Jussi: If you have too small a dimensionality, you’re compressing stuff and you end up losing information. If you have a large enough dimensionality, given the near orthogonality of the Random Indexing or whatever model you’re using, you’re not compressing things.

The interesting thing to keep in mind about semantic spaces is that it’s only the near neighbors that are interesting. When something is a distant neighbor, it’s uninteresting. There’s sort of a semantic horizon and the local neighborhoods are where the action is.

For example, it’s not interesting to model the similarity between “pencil” and “crater on the moon”. There might be a measurable relationship in the semantic space, a geometric angle between the vectors, but it’s not interesting. There will be some much closer items around pencil that are interesting (“paper”, “writing”, etc.), but if you go beyond that, it’s not interesting.

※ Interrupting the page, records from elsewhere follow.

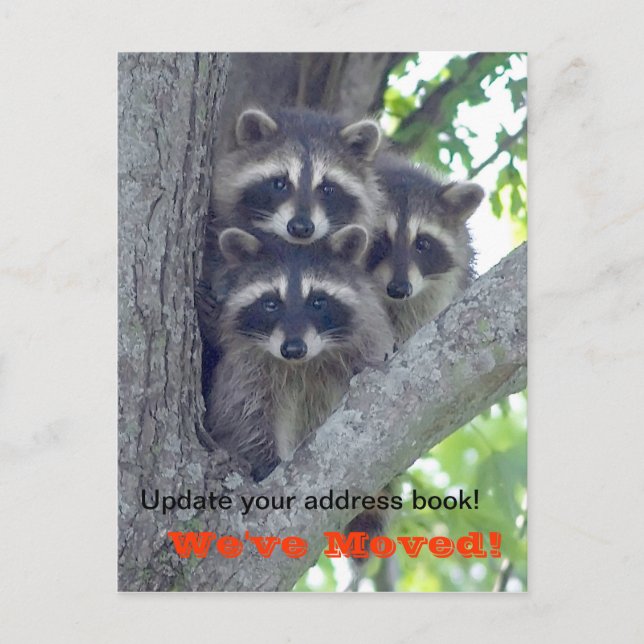 We've Moved Postcard (Raccoons in tree) (Front)
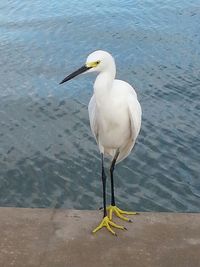 Birds in water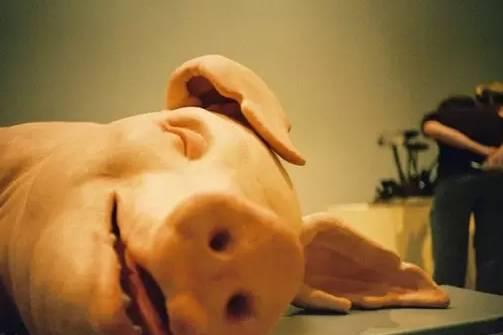 让你越来越丑的习惯,原来有些习惯是改不掉的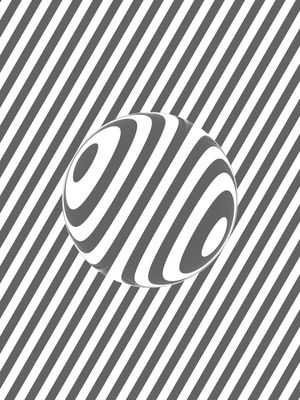 DISTORÇÃO ÓPTICA #1
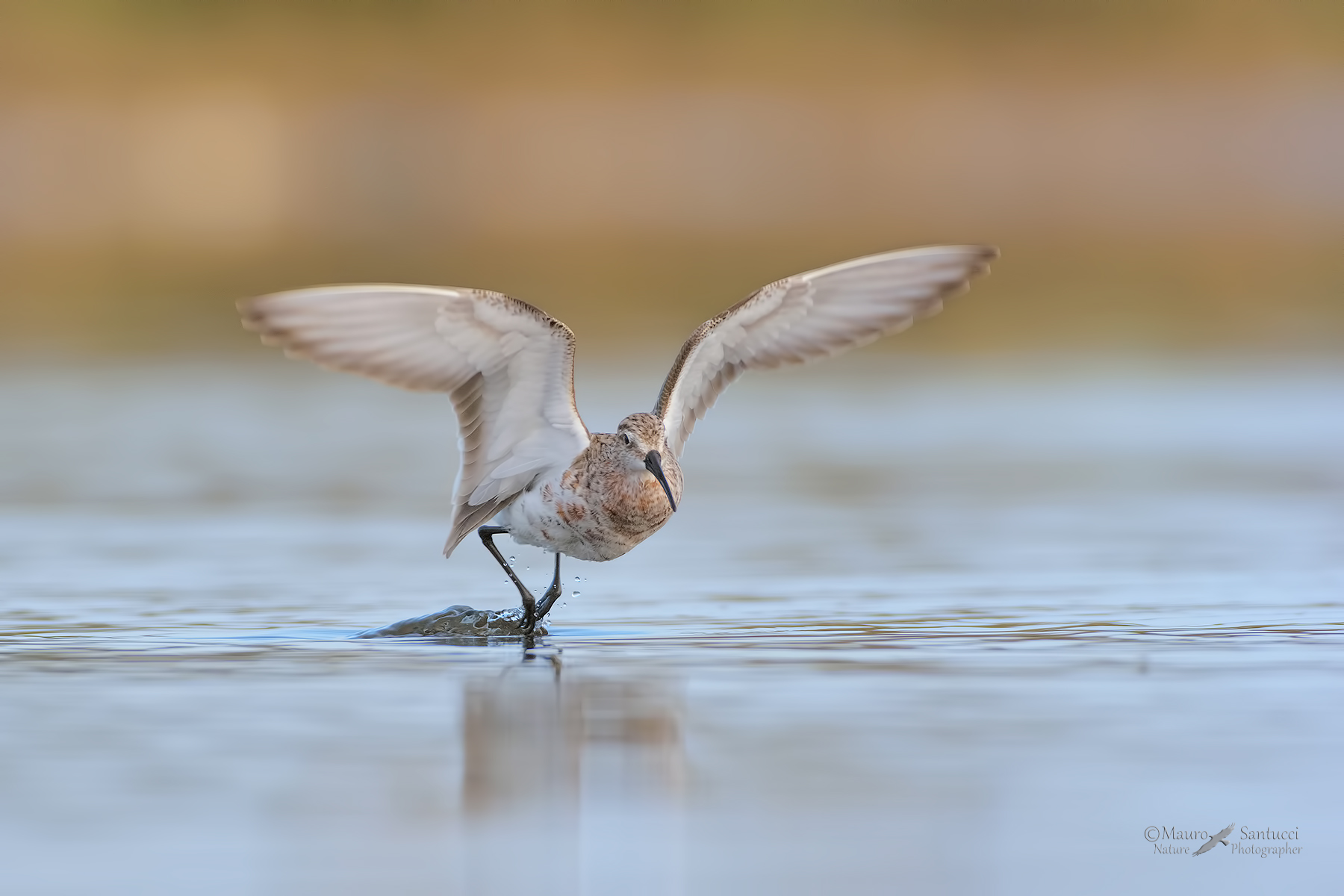 Piovanello-comune-allo-stacco_DSC0180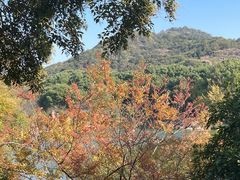 -白马涧龙池景区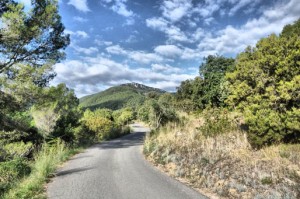 Camí de Mont-Ral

The point is: you need to have a large enough dimensionality to accommodate these various separate local contexts. The global dimensionality is not that interesting, but if it compresses those local contexts onto each other you will lose precision.

Q: Can POS tagging be used with words to separate different POS + Word combinations, so that one ends up with different versions of the same word since they are used in different POS tags?

Jussi: One could, but training data will become sparser, and the utility of predetermined POS classes is debatable: typically the distinctions they help with are noticeable in the co-occurrence contexts anyway!